SOURCE MATERIAL:
<<<<

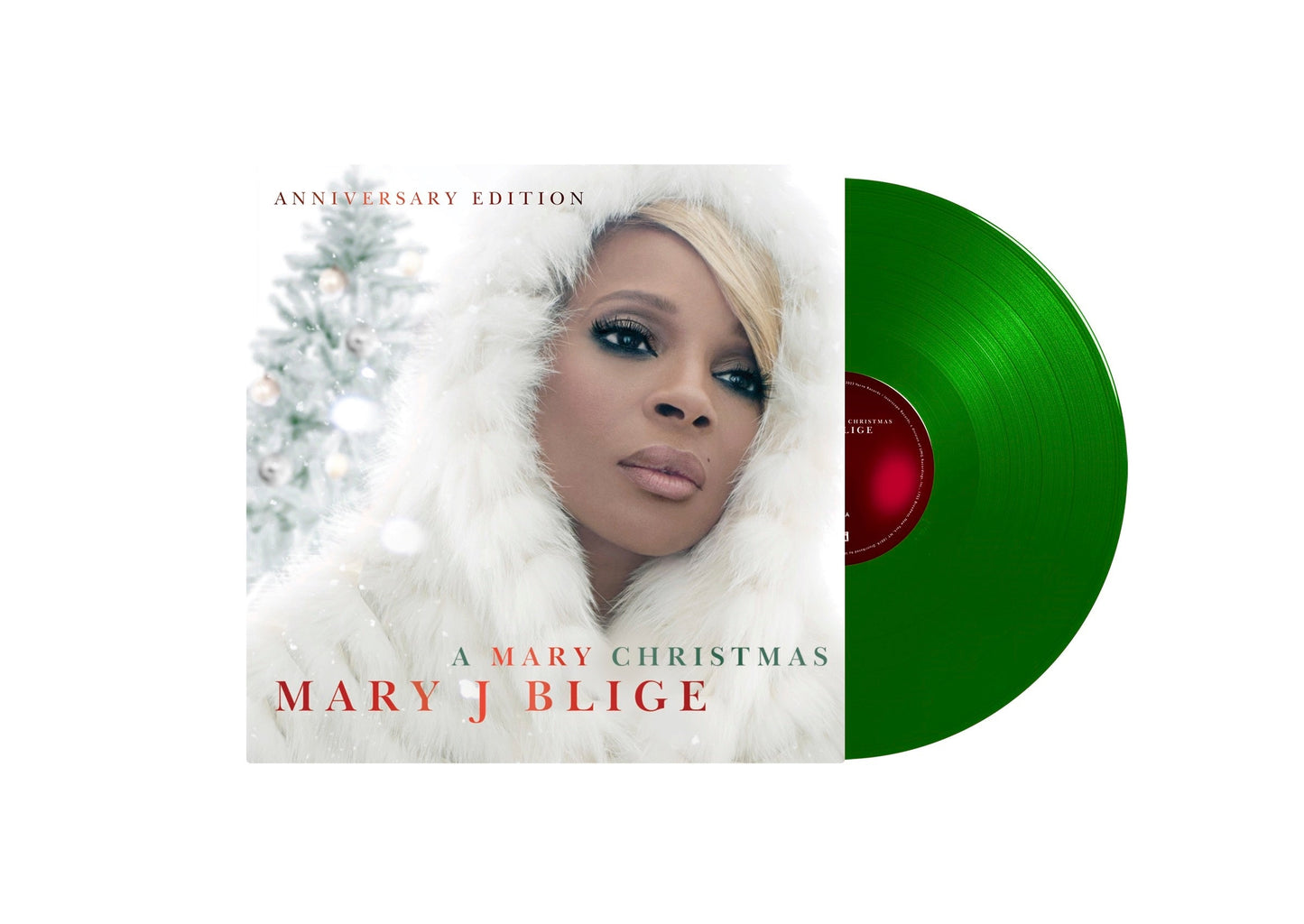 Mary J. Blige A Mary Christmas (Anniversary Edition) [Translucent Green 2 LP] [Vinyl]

>>>>
<<<<

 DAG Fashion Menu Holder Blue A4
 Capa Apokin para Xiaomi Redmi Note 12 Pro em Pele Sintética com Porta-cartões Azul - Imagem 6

>>>>

WORK ITEM: Look above for the line holding "DAG Fashion Menu Holder Blue A4" and the line holding "Capa Apokin para". Retype both, and every line between them, word for word and nothing else.

EXERCISE ANSWER:
 DAG Fashion Menu Holder Blue A4
 Capa Apokin para Xiaomi Redmi Note 12 Pro em Pele Sintética com Porta-cartões Azul - Imagem 6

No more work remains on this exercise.